------ Dataset excerpt
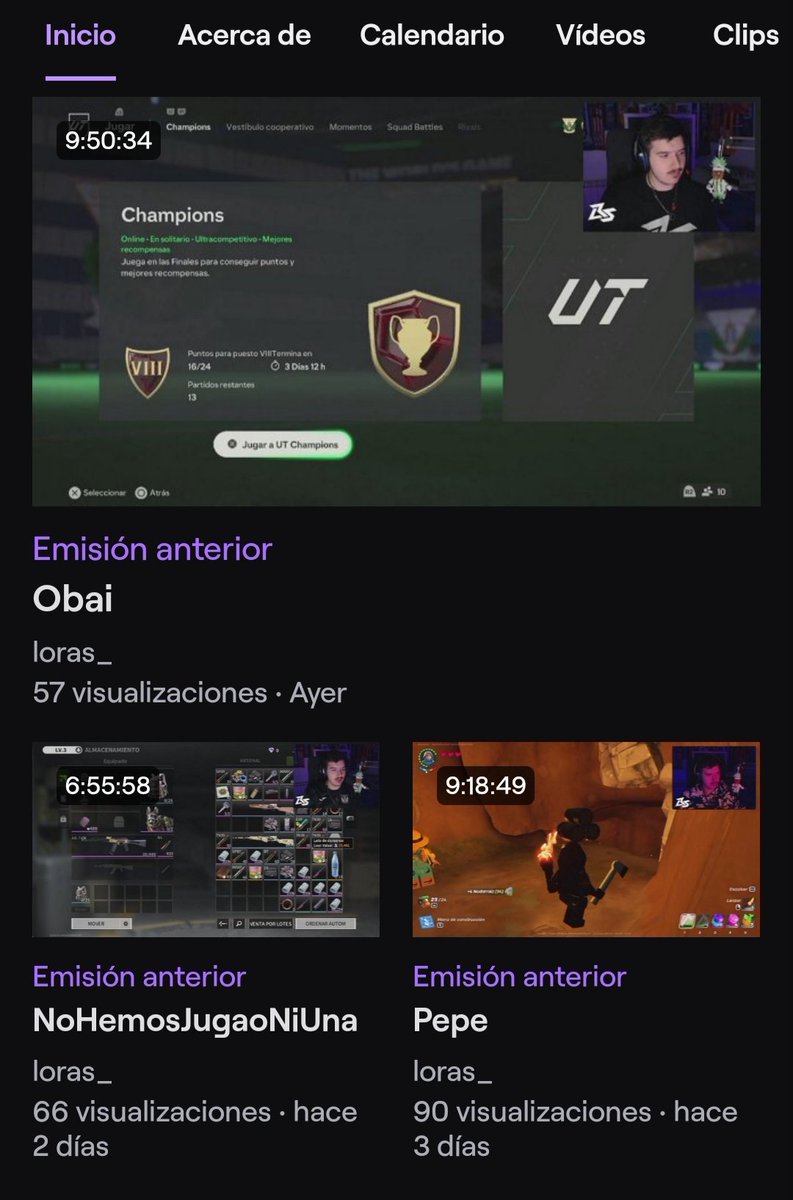 Más de 25h de stream en 3 días. La verdadera 🐐.
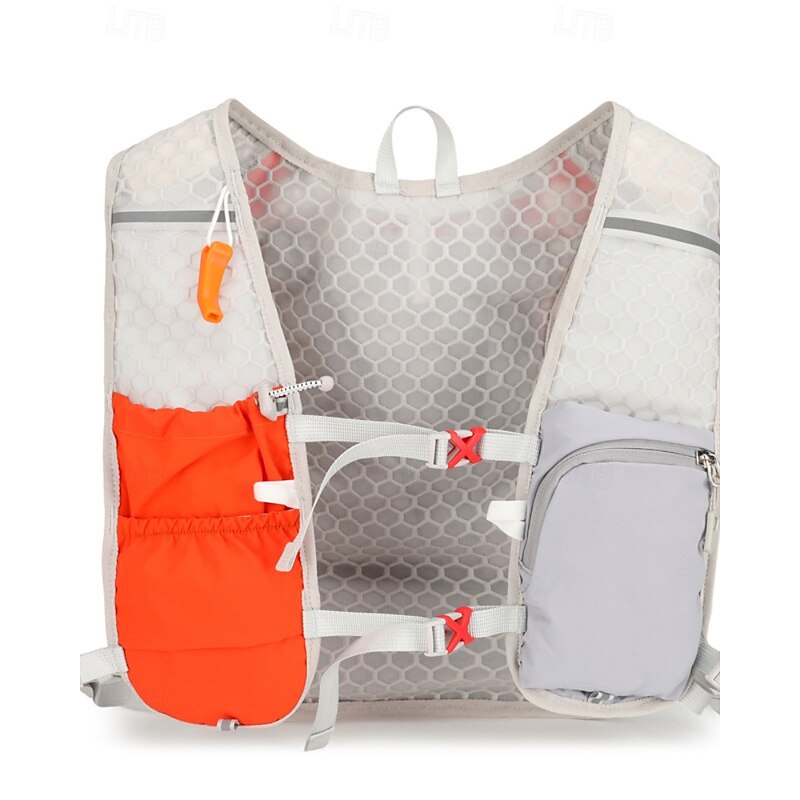 Running Vest Water Pack Hydration Vest Sun Sleeves Waterproof Quick Dry Lightweight Polyester for Marathon Hiking Jogging
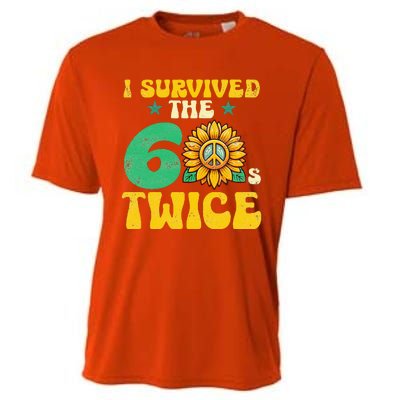 I Survived The 60s Twice Sixties 60s And 70s Year Sunflower Cooling Performance Crew T-Shirt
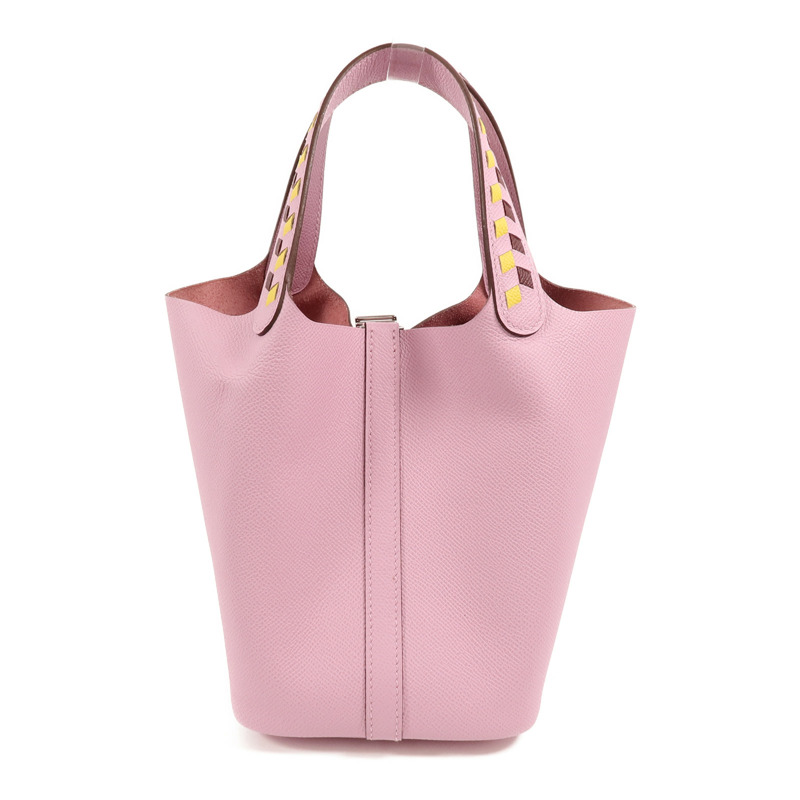 HERMES Epsom皮革Picotin PM手挽袋Mauve Sylvestre-1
------------
> **What you will do**:
All of the data above is to be repeated exactly, with the pictures left out.

> **Finished exercise**:
 Más de 25h de stream en 3 días. La verdadera 🐐.
 Running Vest Water Pack Hydration Vest Sun Sleeves Waterproof Quick Dry Lightweight Polyester for Marathon Hiking Jogging
 I Survived The 60s Twice Sixties 60s And 70s Year Sunflower Cooling Performance Crew T-Shirt
 HERMES Epsom皮革Picotin PM手挽袋Mauve Sylvestre-1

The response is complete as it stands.